However Charlotte also represents the pass and how women used to be treated. A Room with a View was written in 1908 a time of big change for women. This is the year Emmeline Pankhurst held the largest march in London for the right for women to vote.  And in this book Foster presents the reader with nearly every type of middle class women. We have the sexually repressed yet strong Charlotte Barton. The old fashioned but knowing widow Mrs Honeychurch (who is not embarrassed when she comes across three naked men in the forest). Eleanor Lavish the ‘modern women’ proud to tell everyone she is a radical yet disapproves of the Emerson’s and becomes best friends with Charlotte Barton. Yet the only real strong modern woman we have in the book is Lucy and in a way the novel can be seen as her journey to this. Lucy accepts she is modern. But uses this as an excuse not to be alone “I mean the idea that women are always thinking of men. If a girl breaks off her engagement, every one says: ‘Oh, she had some one else in her mind; she hopes to get some one else.’ It’s disgusting, brutal! As if a girl can’t break it off for the sake of freedom.”  However by the end of the novel Lucy has the strength to accept that she loves George, tell her family, marries him, inherits her own money, and take him to Italy for their honeymoon;  although all of this has upset her family “His own content was absolute, but hers held bitterness: the Honeychurches had not forgiven them; they were disgusted at her past hypocrisy; she had alienated Windy Corner, perhaps for ever.”

Yet while the reader is presented with a varied set of strong women, we are also shown a sorry bunch of men. The great disappointment of Charlotte’s at the beginning of the book is they have no strong man to help them and must do it all themselves “Oh for a real man! We are only two women, you and I! Mr Beebe is hopeless.” Nearly every poor man throughout the book is shown as weak or broken.

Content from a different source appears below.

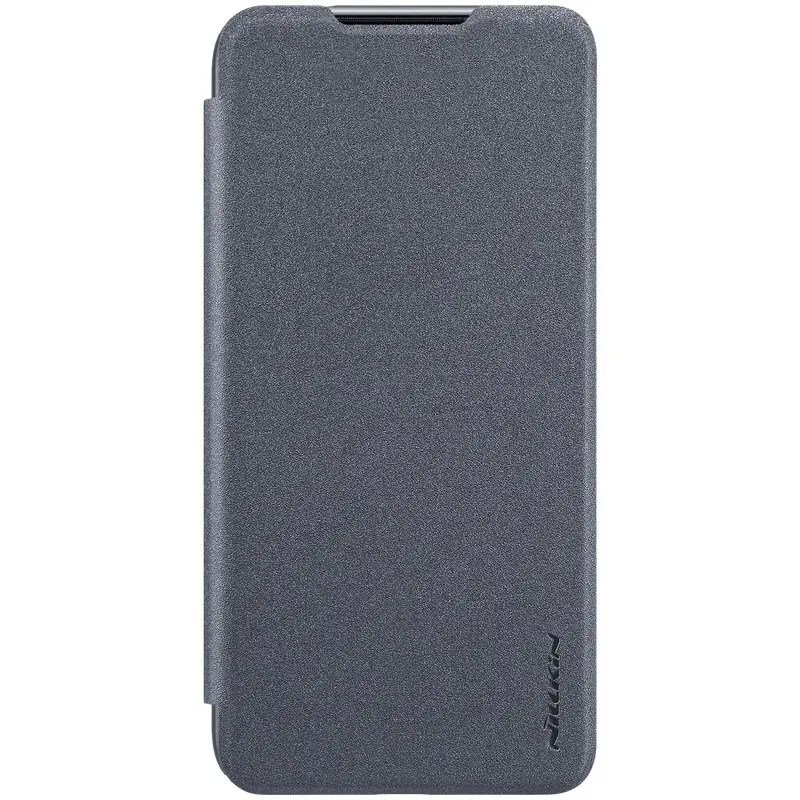 Dark Grey Для Xiaomi Redmi 7 Чехол с откидной крышкой 6,2" Nillkin блестящий чехол из искусственной кожи для Xiaomi Redmi 7 Модный складной чехол-книжка - Цвет: Dark Grey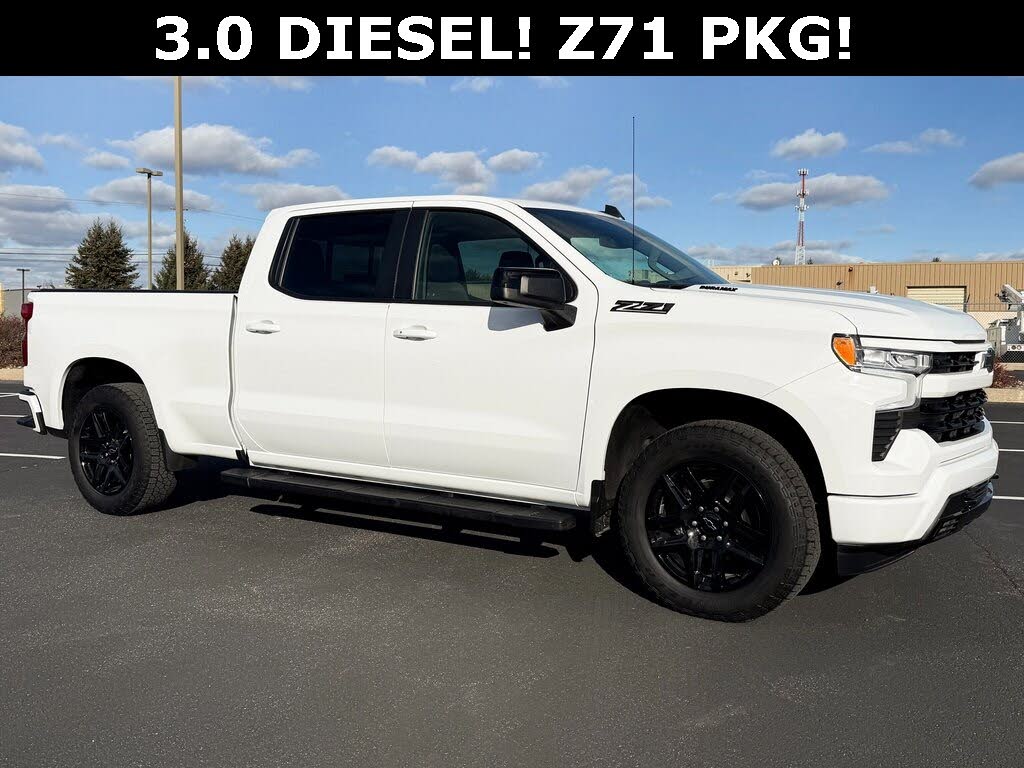 2024 Chevrolet Silverado 1500 RST Crew Cab 4WD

The spurred lover Cecil is shown to be lacking any heart “conventional, Cecil, you’re that, for you may understand beautiful things, but you don’t know how to use them; and you wrap yourself up in art and books and music, and would try to wrap up me. I won’t be stifled”. The lovable Mr Emerson is on his last legs. The more than likely gay Mr Beebe, who enjoys watching Freddy and George swim in the Forrest pool and is “somewhat chilly in his attitude towards the other sex”. He has high hopes for Lucy yet is deeply disappointed by her decision to marry George instead of choosing a life of repression like himself. Even our romantic hero George is seen as wet blanket, only choosing to live when he falls in love with Lucy and lets his wife fight the important battles to be with him “All the fighting that mattered had been done by others–by Italy, by his father, by his wife.” This treatment of weak men and strong women makes the book feel very modern, especially in this time of men being unsure of there placement and how they should be with women. As George says at one point, “This desire to govern a woman–it lies very deep, and men and women must fight it together before they shall enter the garden” A goal 111 years later we are still aiming for

However this is just one way of reading this layered and interesting book. Other themes that are explored is the idea of fate, the loss of religion, city vs countryside, art, truth and reality vs are inner life.

Altogether this is an excellent book and I highly recommend it.

As for me I’m going out to get another Foster!